Pour être heureux, il faut négocier son bonheur avec la raison : l’usage de la raison est donc la condition du bonheur.
Pour les parties « a. » et « b. », afin de montrer que vous raisonnez personnellement, commencez par une idée puis seulement en seconde position un auteur ou/et un exemple.
Tout d’abord, le fait d’être heureux s’inscrit dans une dimension matérialiste. Le bonheur est conditionné par la réussite scolaire ou familiale, par exemple, et la possession de biens matériels. Ici, le bonheur se concilie avec la raison, c’est-à-dire la faculté d’être raisonnable sur le plan social et moral. Avoir des comportements conformes à ce que la société et la famille attendent de nous est même la condition de ce bonheur-là. Dans la pyramide de Maslow, l’état de satisfaction des besoins physique (manger) et psychologique (vivre en sécurité) constitue la base du bonheur social, la condition d’un bien-être supérieur qui tient dans la satisfaction du besoin et d’intégration dans une collectivité.

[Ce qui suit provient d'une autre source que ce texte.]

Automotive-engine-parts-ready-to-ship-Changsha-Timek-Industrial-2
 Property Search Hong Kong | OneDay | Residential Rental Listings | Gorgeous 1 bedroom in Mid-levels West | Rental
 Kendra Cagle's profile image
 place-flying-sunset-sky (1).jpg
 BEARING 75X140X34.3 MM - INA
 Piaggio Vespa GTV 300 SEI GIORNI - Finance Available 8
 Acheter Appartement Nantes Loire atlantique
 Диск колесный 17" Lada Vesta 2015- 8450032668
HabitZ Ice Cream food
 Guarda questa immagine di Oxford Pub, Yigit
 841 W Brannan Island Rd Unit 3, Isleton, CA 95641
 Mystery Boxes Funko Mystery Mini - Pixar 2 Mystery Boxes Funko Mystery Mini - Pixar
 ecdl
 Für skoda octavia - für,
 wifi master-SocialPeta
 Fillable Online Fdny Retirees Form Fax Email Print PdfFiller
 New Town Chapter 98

Peut-être même qu’être heureux consiste à être raisonnable au point de satisfaire seulement les désirs que la nature nous demande de satisfaire et de se borner à ces derniers. La raison, ici, va poser des limites au désir et à la recherche du bonheur. C’est en ce sens qu’Épicure, dans sa Lettre à Ménécée, recommande de différencier les désirs naturels et nécessaires, et les désirs non naturels et non nécessaires. Ce sont, respectivement, les désirs que la nature nous impose de satisfaire et qu’il est nécessaire de satisfaire pour vivre (manger à sa faim), et que la nature ne nous impose pas de satisfaire et qu’il n’est pas nécessaire de satisfaire pour vivre (le luxe, la gloire). Ces derniers nous font même souffrir car nous ne pouvons jamais les réaliser complètement. Or, pour Épicure, le bonheur se définit simplement comme absence de souffrance et non comme jouissance excessive. C’est la raison qui pose des limites morales aux désirs, qui permet de les distinguer, et d’anticiper sur les conséquences de leur réalisation.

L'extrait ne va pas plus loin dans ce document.